# Momo attacked a puppy.



## Xiahko (Feb 24, 2010)

I don;t know what to do.

I didn;t know these dogs were in the hallway. I opened the door to take Bruno outside,and Momo rushed out and the mom dog attacked,and Momo attacked the dog and the puppy.

Should I put her down? My mom says to wait and see what happens,but I don;t know.

I've given her so many chances.


----------



## davidfitness83 (Jul 7, 2009)

Why would you put the dog down? Because it is dog aggressive ?


----------



## Xiahko (Feb 24, 2010)

Not only DA she's HA too.

This was the last straw for me. it was a tiny puppy.


----------



## Pancake (Jun 11, 2010)

Xiahko said:


> Not only DA she's HA too.
> 
> This was the last straw for me. it was a tiny puppy.


Was the pup injured badly?


----------



## Xiahko (Feb 24, 2010)

From what I know the puppies were NOT on leashes. The mom was,but the puppies weren't.

Momo rushed out,and the mom dog attacked momo and the puppy got in the way I think,but I don;t know exactly.

I was getting bruno inside cause he was on a leash.


----------



## SARGEnNIKITA (Jan 3, 2010)

I would consider it if she has shown definite signs of HA... But only if you are sure about the HA... DA is a different story, if you are willing to put the dog down only for DA then this breed is not for you and you should find a responsible owner to take her.


----------



## Xiahko (Feb 24, 2010)

I don;t know. They said it was bleeding,and they rished it to the vet,it was yelping.
But I wont know till they get back I guess.
If they even talk to me. They were pretty pissed.


----------



## Black Rabbit (Nov 14, 2009)

Putting a pit down for DA is totally wrong in my eyes. They were bred to be this way. You need to take precautions with dogs that have severe DA. I would crate her and make sure when its time to come out to potty she has her leash on as soon as she comes outta the crate. Crating and rotating is not a bad life for these dogs if they have equal time for playing and training and lots of love. Always make sure if you are going out or opening the door she is either on leash or in her crate so she can't bolt out the door. I would also take her to obedience training and teach her distractions so she can learn to ignore other dogs while out on walks or even on your porch. Just make sure she is always leashed outside of corse.


----------



## green machine (Sep 8, 2008)

I think you should kill the dog, and the sooner the better, we dont need anymore pitbull mixes or APBT running around thats HA! You should have culled that dog the first you found out about the HA. Dont tell me its too hard of a decision to make, I just made it, yes its hard but its the right one!

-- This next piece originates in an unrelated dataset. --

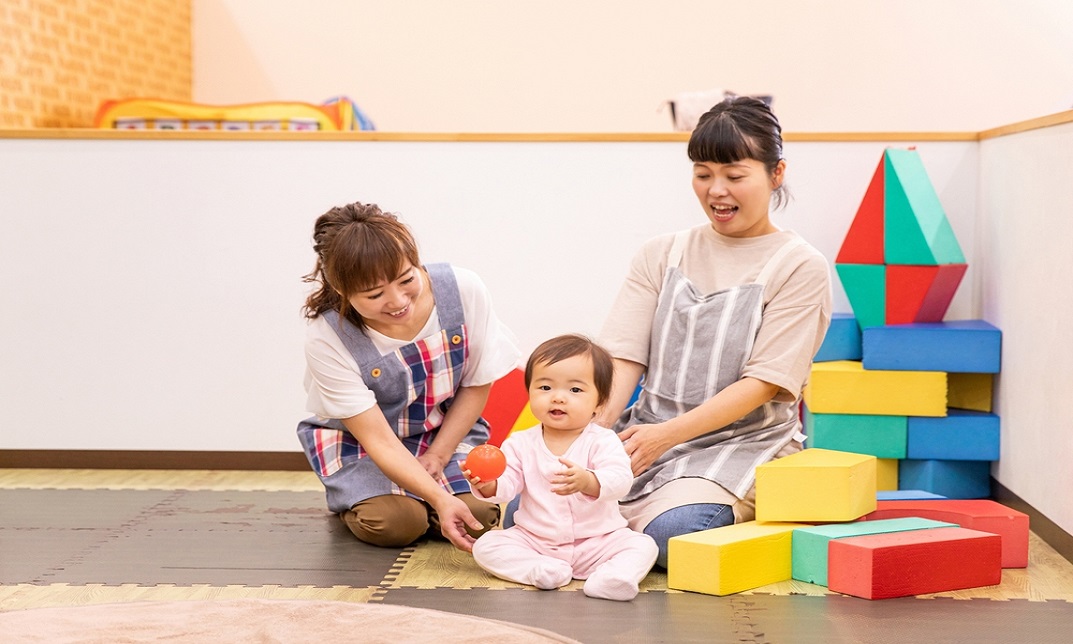 How Much Does a Childcare Worker Earn UK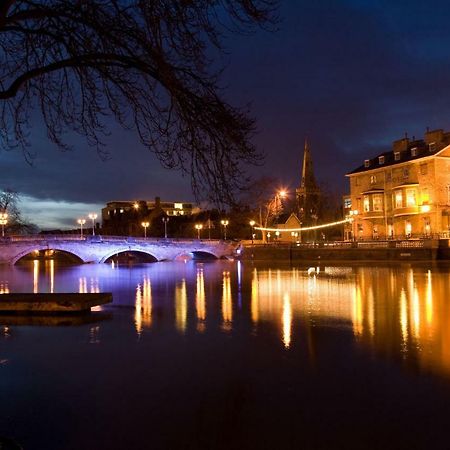 Luxurious 2 Bed Apartment Bedford Extérieur photo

and the last straw shouldnt have been dog agression, as that is a normal trait in the APBT!


----------



## Xiahko (Feb 24, 2010)

The guy was kicking momo in the head too. even after she had stopped attacking.but the mom dog kept attacking momo even after momo stopped.


----------



## ThaLadyPit (Oct 12, 2008)

First off.. please let me extend my sincerest apologies to you in this matter. Secondly, if you don't mind me asking, what is MoMo mixed with? I'm sorry.. I don't remember reading that in any of your threads. Now, if she's apbt mix, then DA is to be expected, and IMO, this wouldn't warrant her being put down. I don't think this type of situation would warrant any dog being put down as the momma dog was just protecting her pup. I truly hope that you can resolve this issue without it being the next headline in the paper. No offense there, but I speak my mind when I have something to say. Now.. first thing to do is to rectify the situation however is possible.. pay for the vet bills for the owner of the momma and pup and accept responsibility for your dog's actions. Pardon me for asking this, but you live in an apartment building right? Do you not have a peep hole on the door that allows you to look outside before you open your door? If so, I would strongly recommend using this feature from now on, to prevent anything like this from happening in the future. That's really all the advice I can offer at this time, but please be sure to keep us posted on anything/everything you find out.


----------



## Xiahko (Feb 24, 2010)

Momo is NOT a pit bull! She's a pug mix.

And yes,she does have selective HA aka kids,and most guys.


----------



## Xiahko (Feb 24, 2010)

I did look out the peep hole,they weren't there,I think they had opened their door the same time I did.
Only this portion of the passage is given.